This is a long way from “do it or else” push coming from your parents, to a more developed, and mature attitude of: “I want to feel as though I am of some value to society - I want to be a productive element.” Whatever the driving motivational forces are, it is always a challenge to identify and maintain an environment in business that keeps one motivated and productive.

For Native Americans, key motivational factors can vary from person to person, however in many cases our motivational elements do not always fall in line with what the general American business culture promotes.
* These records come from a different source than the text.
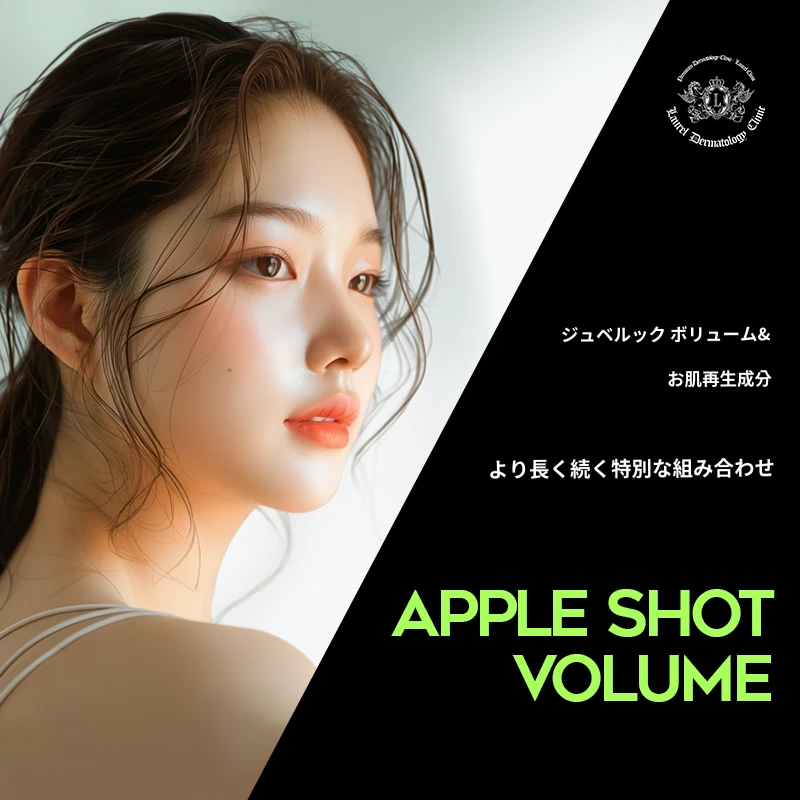 event thumbnail image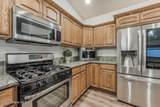 934 Walson Ct - Photo 18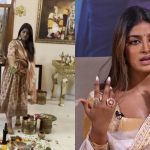 Venuswamy: వేణుస్వామికి గట్టి కౌంటర్ ఇచ్చిన హీరోయిన్.. పూజకు ఫలితం లభించలేదా?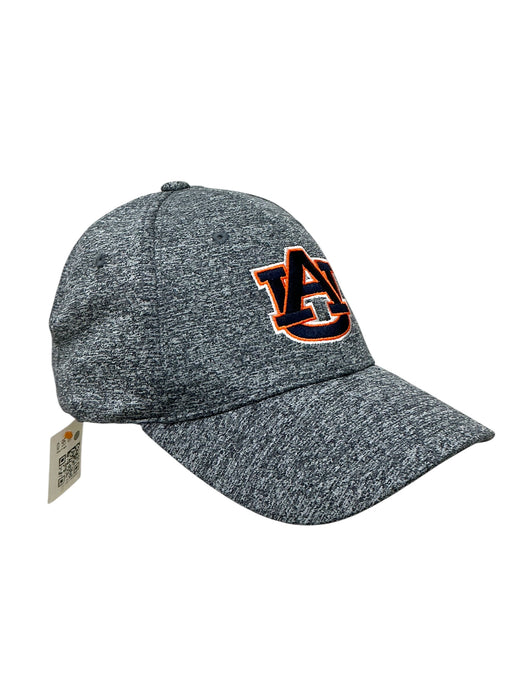 Gorra (TOW CAPS)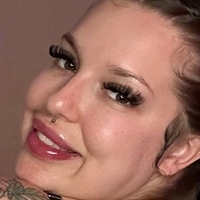 doctordrea Nude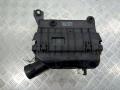 корпус воздушного фильтра Mitsubishi Lancer 10 поколение [рестайлинг] 2011, 1.8 л., i, 1500A055, 014900-4340 - фото №2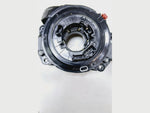 Load image into Gallery viewer, BMW 3,5,X SERIES G21,G31,G01,G05,G06,G07 SWITCH UNIT STEERING COLUMN 9436672
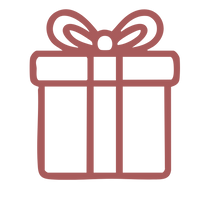 Perfect Gift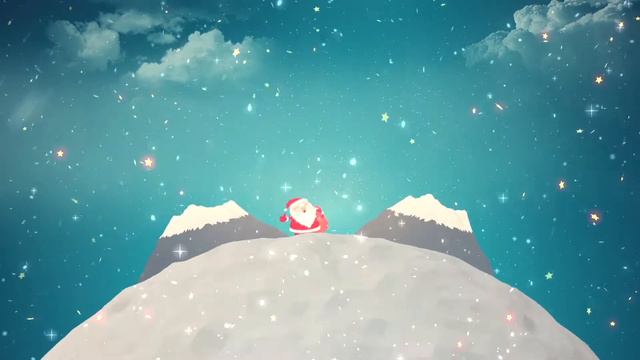 pozdravlenie смотреть онлайн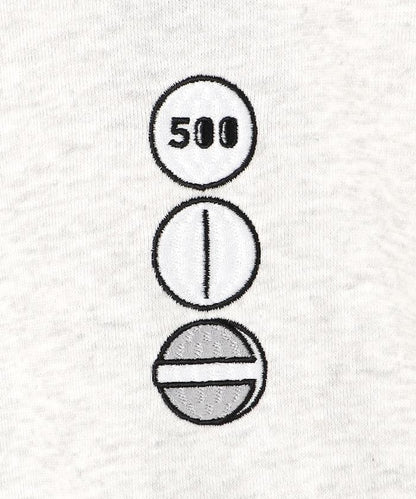 143253425
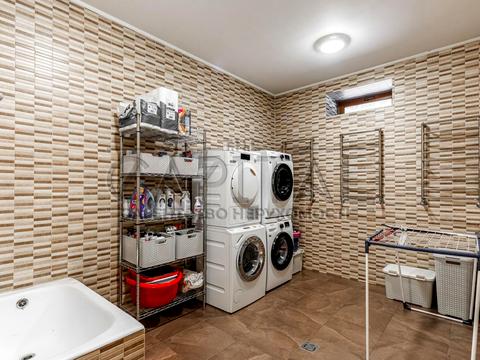 будинок за адресою Скіфська вул.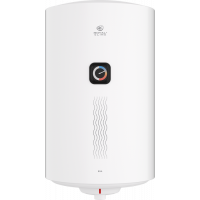 ROYAL CLIMA RWH-EV50-RE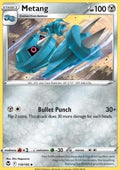 Metang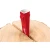 120535-3.webp
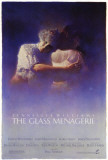 The Glass Menagerie Posters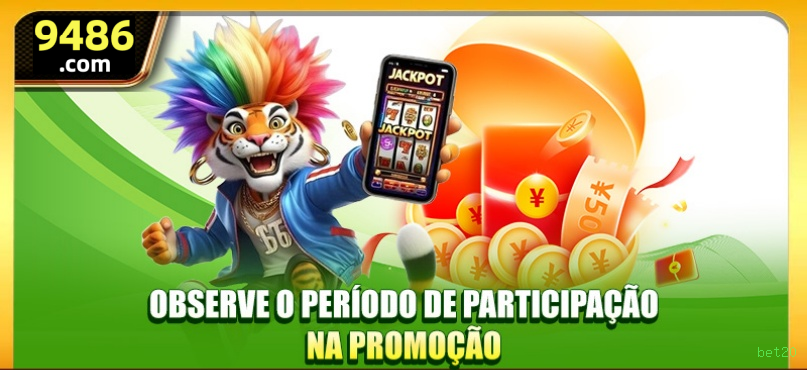 Segurança bet20
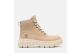 Timberland Halbhoher Field Boot (TB0A2FT6EN71) braun 1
Consider that most American employees are motivated through monetary rewards. Capitalism is the economic foundation in which America was built, so why not encourage this in the workplace? Native Americans may be a little more reluctant about engaging in capitalism when it means compromising their values or more specifically, values associated with culture and spiritualism. In the workplace, this can present a problem for organizations that are merit based through monetary incentives.

Another key motivational factor in the American workplace is competitiveness. We are encouraged to develop a “need to win” attitude in the workplace. Managers often use competition to promote individual productivity among employees. Individualism is quickly rewarded in American business culture. There have been efforts throughout the evolution of American management practice, where “team building” was the focus, which is more conducive to Native culture, however, the team concept is not always used to its full benefit. To be most effective, the promotion of cohesive workgroups would require a long-term commitment from management and is usually not the case.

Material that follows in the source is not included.